Is uncountable product of metrisable spaces with product-topology metrisable?
The book only mentions that $I=[0,1]$,then $I^I$ is not metrisable, for it doesn't fit the 1st-countability axiom.
I have two questions here:
What does $I^I$ mean? Why doesn't it fit the axiom?
Is this case a special one? Or,is there any example that makes the uncountable product space metrisable?
On
An uncountable product of non trivial first countable spaces is never first countable. In particular, the uncountable product of non trivial metrizable spaces is never metrizable.

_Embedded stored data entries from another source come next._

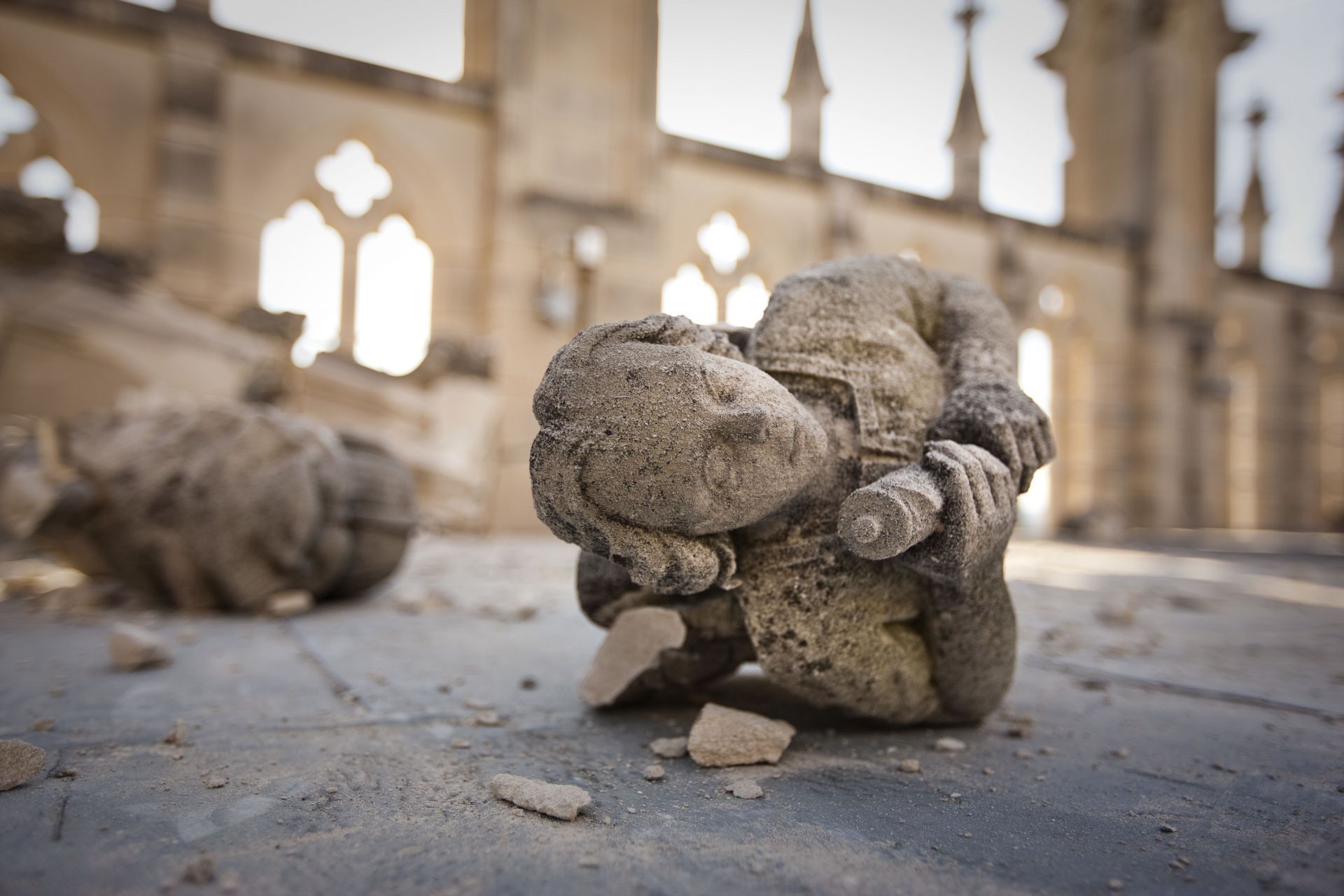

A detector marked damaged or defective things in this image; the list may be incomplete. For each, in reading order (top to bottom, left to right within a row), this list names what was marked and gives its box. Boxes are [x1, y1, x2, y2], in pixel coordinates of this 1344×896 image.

damaged cherub sculpture [529, 255, 1053, 722]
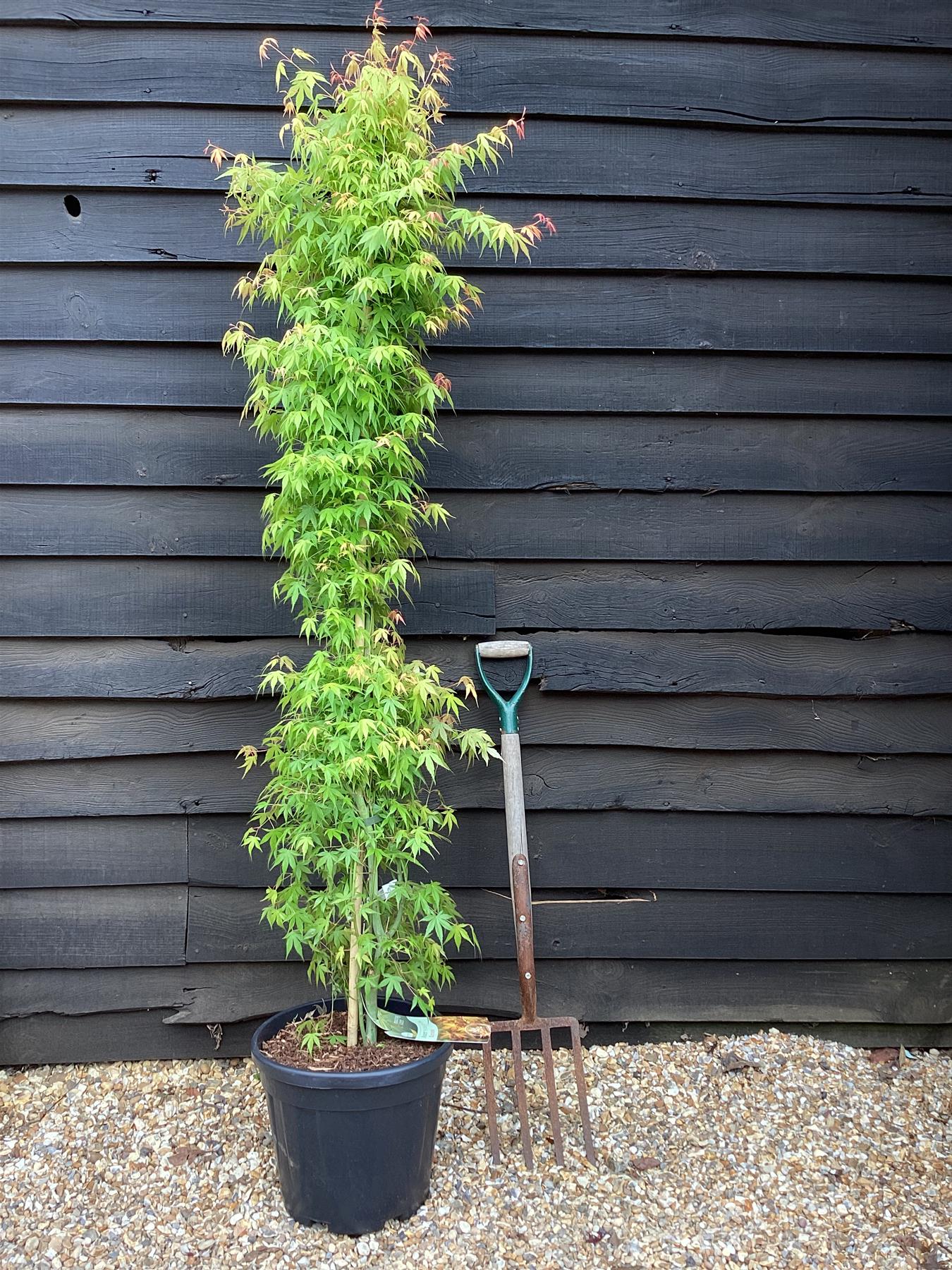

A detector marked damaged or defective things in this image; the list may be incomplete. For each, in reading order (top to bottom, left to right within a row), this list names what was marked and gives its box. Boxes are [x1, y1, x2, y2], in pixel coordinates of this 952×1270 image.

rusty metal fork head [484, 1021, 597, 1168]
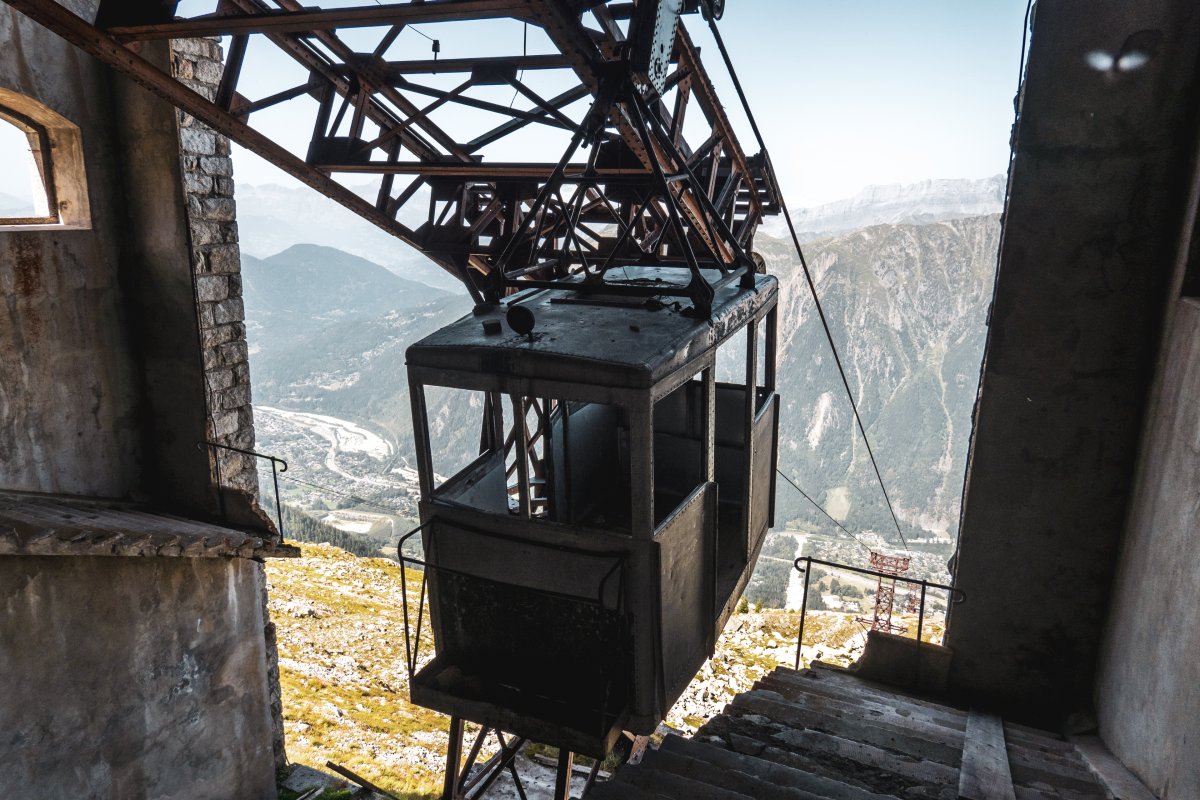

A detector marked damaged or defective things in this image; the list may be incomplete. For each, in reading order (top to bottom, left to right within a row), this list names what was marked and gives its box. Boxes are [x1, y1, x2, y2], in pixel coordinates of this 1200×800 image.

rusty steel truss [9, 0, 788, 316]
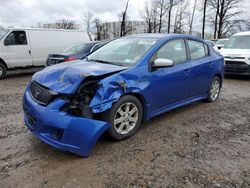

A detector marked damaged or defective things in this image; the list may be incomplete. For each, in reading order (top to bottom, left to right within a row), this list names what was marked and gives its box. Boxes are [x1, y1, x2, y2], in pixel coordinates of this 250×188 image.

broken front bumper [22, 89, 110, 156]
crumpled front hood [32, 59, 127, 94]
damaged blue nissan sentra [22, 34, 224, 157]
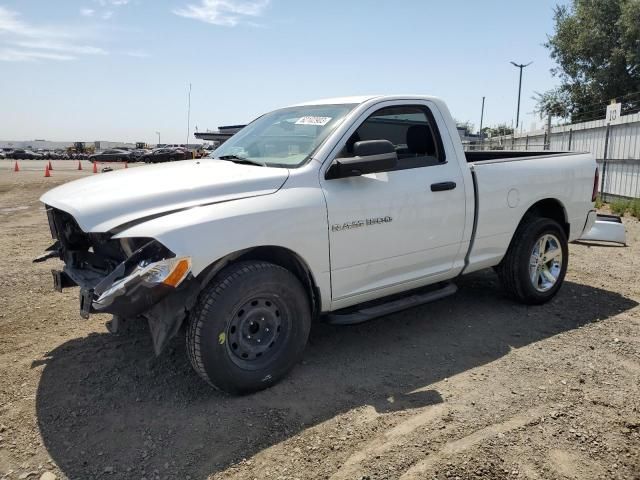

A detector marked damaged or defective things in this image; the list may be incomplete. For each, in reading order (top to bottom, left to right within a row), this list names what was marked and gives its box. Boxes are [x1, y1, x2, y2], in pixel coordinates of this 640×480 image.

crumpled hood [41, 159, 288, 232]
damaged front end [37, 206, 198, 352]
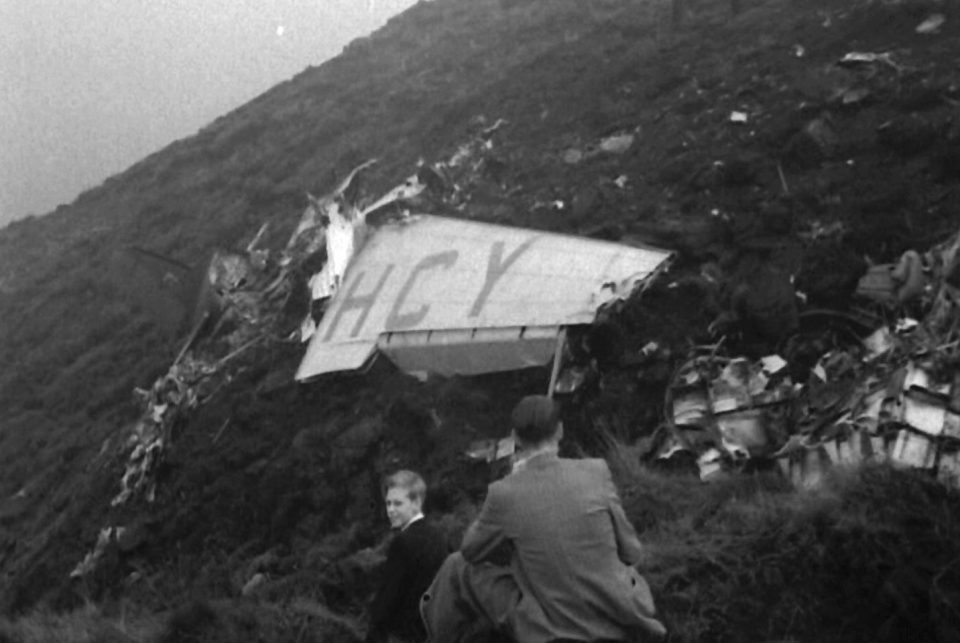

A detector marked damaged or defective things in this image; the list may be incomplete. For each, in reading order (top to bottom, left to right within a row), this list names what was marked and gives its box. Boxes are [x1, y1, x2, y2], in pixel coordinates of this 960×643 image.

To see this, let $ X_i , \ i \in I$ be an uncountable family of non trivial first countable spaces. Let $X= \prod X_i$. Let us assume that $X$ is first countable. For $ i \in I, $ pick a non empty open $ U_i \subsetneqq X_i $ (such a set exists, since $X_i$ is not trivial). Denote $\pi_i \colon X \to X_i $ the natural projection. Let $ x = (x_i)_{i \in I} $ such that $$ x \in \prod_i U_i = \bigcap_i π_i ^{-1} (U_i).$$
Then $ x \in π_i^{-1} (U_i) $ (which is open), for every $ i \in I $. Let $ (V_n)_{n \in \mathbb N} $ be a countable basis of $ x $. For every $ i \in I $, there exists $ n_i \in \mathbb N$ such that $ x \in V_{n_i } \subset π_i^{-1} (U_i) $. Consider the (well defined) map $ \phi \colon I \to \mathbb N $, by $ \phi (i) = n_i $. Since $ I $ is uncountable, there exists $ n \in \mathbb N $ such that the set $ \phi ^{-1} ( \{n \}) $ is uncountable. Let $ J = \phi ^{-1} ( \{ n\} ) $. Then for $ j \in J $, we have that $ \phi (j) = n $ and $V_n \subset π_j^{-1} (U_j)$. Hence, $$ π_j (V_n) \subset U_j \subsetneqq X_j , \ \ \ j \in J.$$
So there are uncountably many $ j \in J$ such that the $j-$th coordinate of $ V_n $ is different than $ X_j $. This is impossible, since the $i$-th coordinate of $ V_n $ is $X_i$ for all but finitely many $i \in I$.
The space $I^I$ is $\prod_{x\in I}I_x$, where, for each $x\in I$, $I_x=I$. Indeed, the first countability axiom does not hold in this space. In fact, take $p\in I^I$. Let$$\{V_n\mid n\in\Bbb N\}\tag1$$be a countable set of neighborhoods of $p$. For each $N\in\Bbb N$, let $A_n$ be a open subset of $I^I$ such that $p\in A_n$ and that $A_n$ can be written as $\prod_{x\in I}J_{n,x}$, with each $J_{n,x}$ an open subset of $I_x(=I)$ and such that $J_{n,x}\ne I_x$ only for finitely many $x$'s. Since $I$ is uncountable, there will be $x$'s such that $J_{n,x}=I$, for every $n\in\Bbb N$. Therefore, if $x_0$ is one such $x$, if $J$ is an open interval of $I$ to which $p_x$ (the canonical projection of $p$ onto $I_x$) belongs, and if $A=\prod_{x\in I}J_x$, with$$J_x=\begin{cases}J&\text{ if }x=x_0\\I&\text{ otherwise,}\end{cases}$$then, $A$ is an open set, $p\in A$, but $A$ contains no $V_n$, in spite of the fact that $V$ is a neighborhood of $p$. This proves that $(1)$ is not a fundamental system of neighborhoods of $p$.
The same argument shows that if $M$ is an uncountable metric space, then $M^M$ is not metrizable.